3/09/2013

monstrosities


Today I went to the vernissage of an art show, Monstrosities; fibre work from Concordia undergraduates. My friend Taters McBeastly was there.  He was sitting on a little stool, next to a shredded paper cast of a doorframe and a wall full of decorated children’s boots. Across the room from him was Colleen, his knitted soulmate monster.  He seemed just fine there, but the room was white and windowless and filled mostly with people who didn’t know me and a few who did but didn’t come over to talk to me. There’s only so many times you can circulate a room of a dozen art works, pretending to be deeply contemplating their concept and construction. 

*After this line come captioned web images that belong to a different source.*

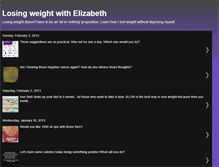 Tablet Screenshot of losingweightwithelizabeth.blogspot.com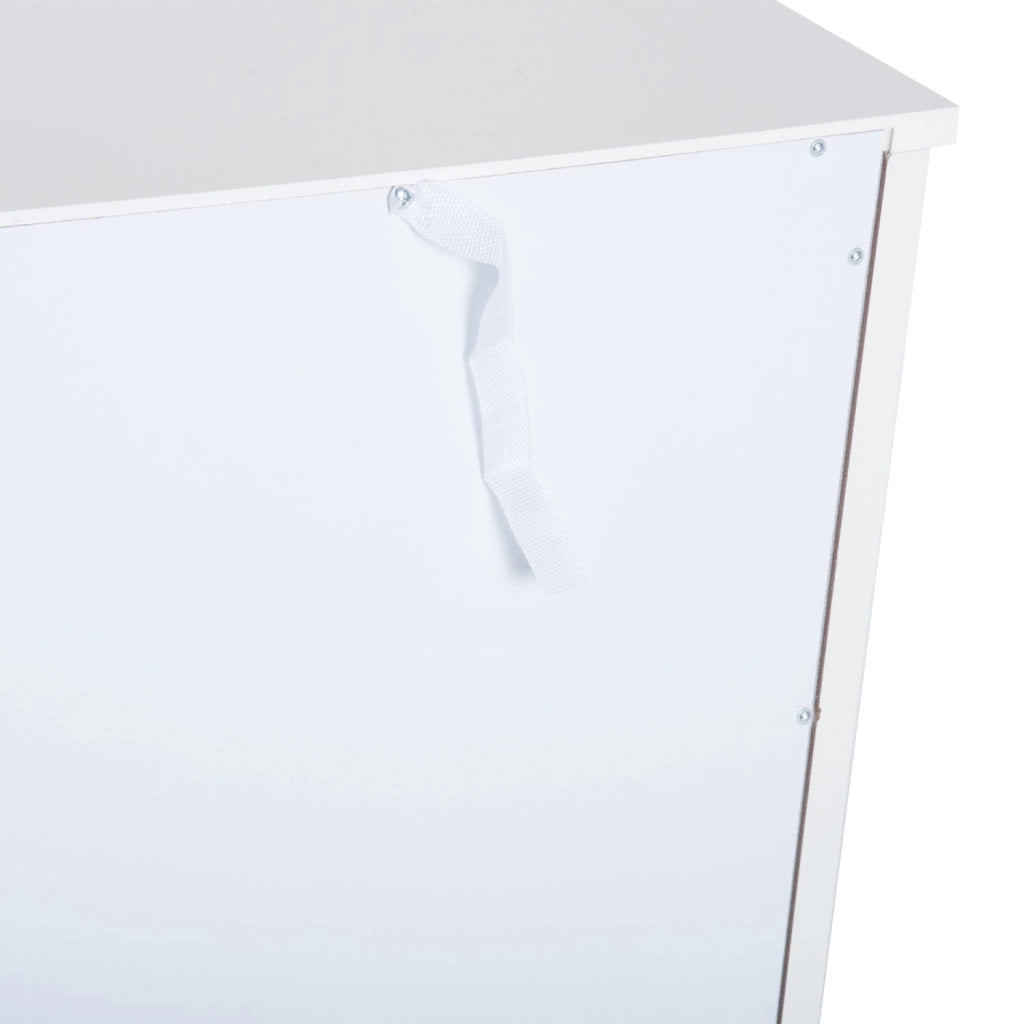 Cassettiera con 5 Cassetti 46x34x97,5 cm in MDF Bianco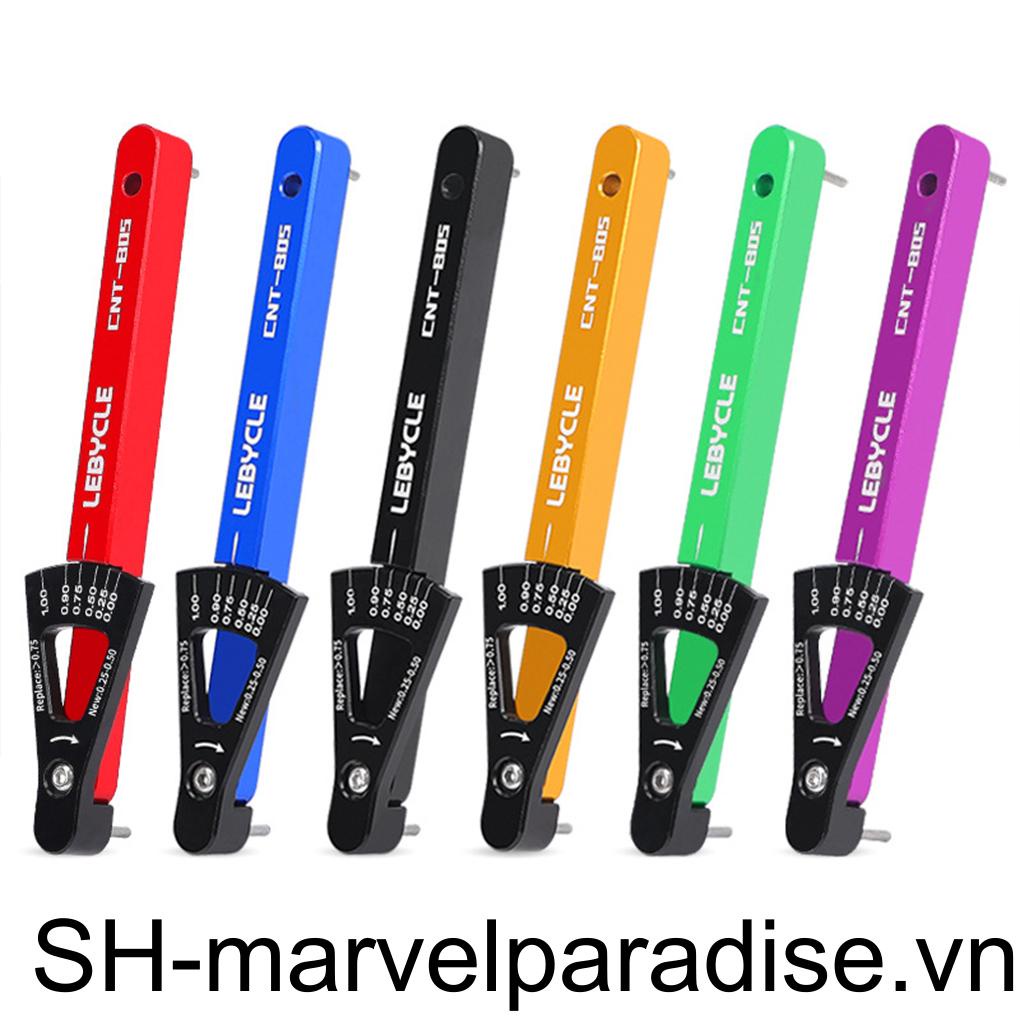 Dụng Cụ Kiểm Tra Xích Xe Đạp Leo Núi Bằng Kim Loại Chuyên Nghiệp Màu Đen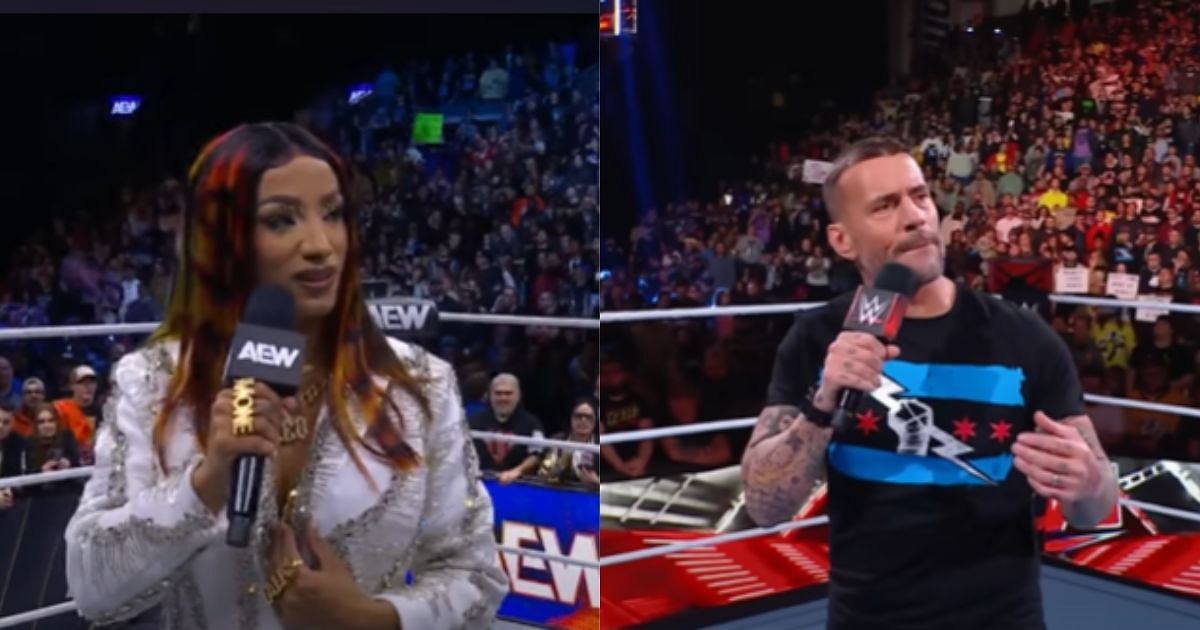 Mercedes Mone (left) and CM Punk (right) [Photos from AEW and WWE YouTube handles]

Galleries make me feel tight-chested. I keep my eyes low, my breathing shallow. I restrain my hands, when all I want to do it to touch the rough, soft, silky surfaces; I begrudge the gallery space for denying me this. I feel blessed to have been able to participate in this show, to have my work validated as art in this traditional sense -- congratulations, you’re showing in a real gallery, even if it is only a student show -- I must have done something right, as far as this art business goes. But I found no joy in that space. Every once in a while I will, I will find something in a gallery or museum that makes me want to split open with happiness, or cave in from the weight of mutual understanding, but that is in spite of, rather than because of, the space. The things I love about art, the things that drive me to make make make stuff, are found outside these spaces, and when you put them inside galleries and museums and put up the red tape, the  do-not-step-over-the-line, the please-do-not-touch, they usually die. If I want to continue to make stuff -- and oh, I do – I need to accept that these spaces are not for me. I need to focus on play and joy and discovering, touching and interacting and connecting with others. I need to make it accessible and public and unpretentious. I can’t imagine anything I want to do more than make art all my life -- whatever that means -- and nothing I want to do less than spend it enduring social claustrophobia, mincing words in small white spaces. 

When you all said you didn’t want to make art anymore, my heart broke, but I think I’m catching up to you, starting to understand what you may have meant.

My biggest regret of the day is that I did not put a ‘hug me’ sign next to Taters.